[Activity] Below this line are records; write out exactly the lines from the one containing "Khaki and White" through the one containing "Shein bikini swimsuit", with the pictures left out.

[Information]

..............................

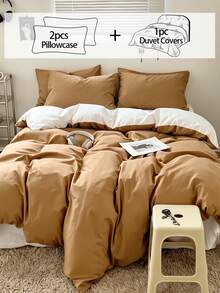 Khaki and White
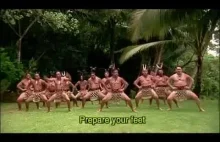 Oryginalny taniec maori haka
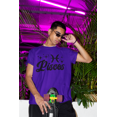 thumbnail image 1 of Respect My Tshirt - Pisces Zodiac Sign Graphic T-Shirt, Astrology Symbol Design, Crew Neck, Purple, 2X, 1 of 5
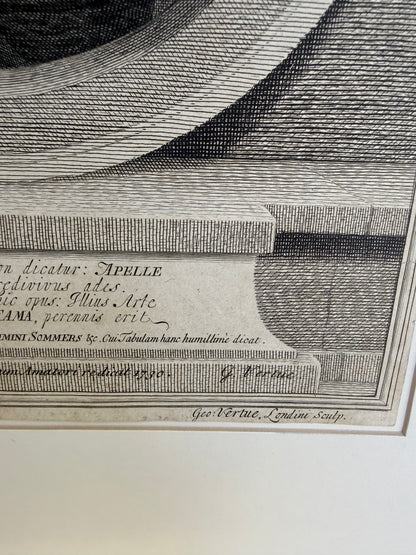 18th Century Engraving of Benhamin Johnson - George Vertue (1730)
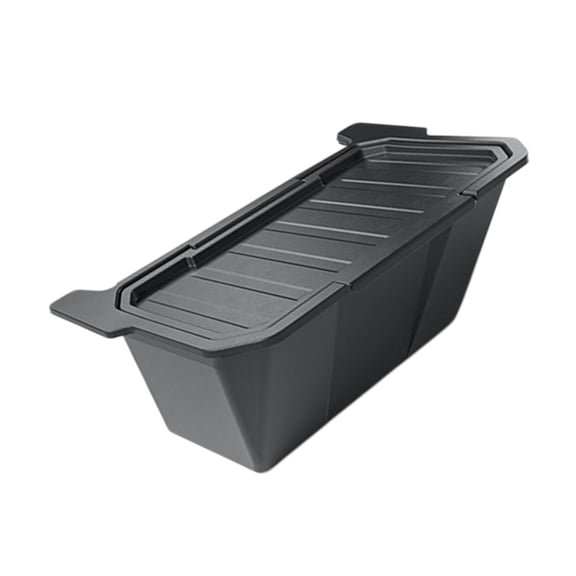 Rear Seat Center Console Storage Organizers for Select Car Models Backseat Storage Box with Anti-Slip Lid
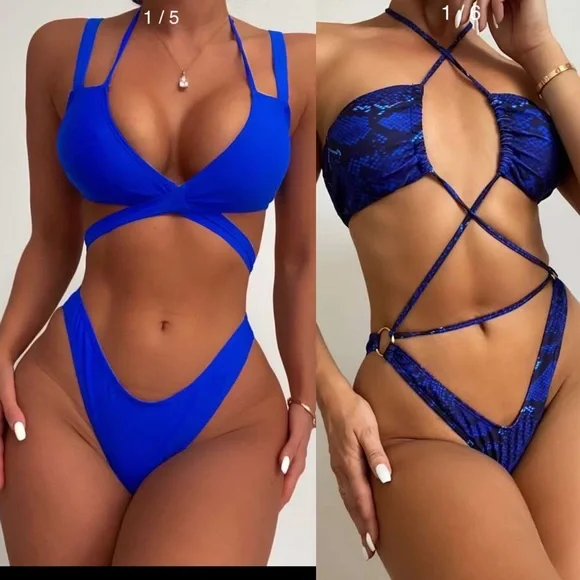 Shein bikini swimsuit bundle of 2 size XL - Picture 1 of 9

..............................

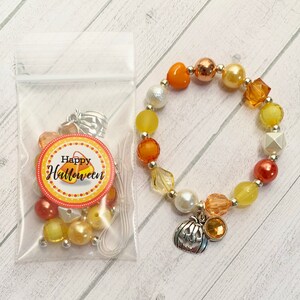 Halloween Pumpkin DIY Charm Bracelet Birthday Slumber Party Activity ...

..............................

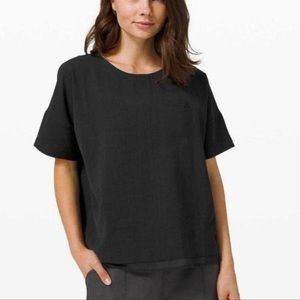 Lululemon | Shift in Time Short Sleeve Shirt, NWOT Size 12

..............................

[Solution for this task]
 Khaki and White
 Oryginalny taniec maori haka
 thumbnail image 1 of Respect My Tshirt - Pisces Zodiac Sign Graphic T-Shirt, Astrology Symbol Design, Crew Neck, Purple, 2X, 1 of 5
 18th Century Engraving of Benhamin Johnson - George Vertue (1730)
 Rear Seat Center Console Storage Organizers for Select Car Models Backseat Storage Box with Anti-Slip Lid
 Shein bikini swimsuit bundle of 2 size XL - Picture 1 of 9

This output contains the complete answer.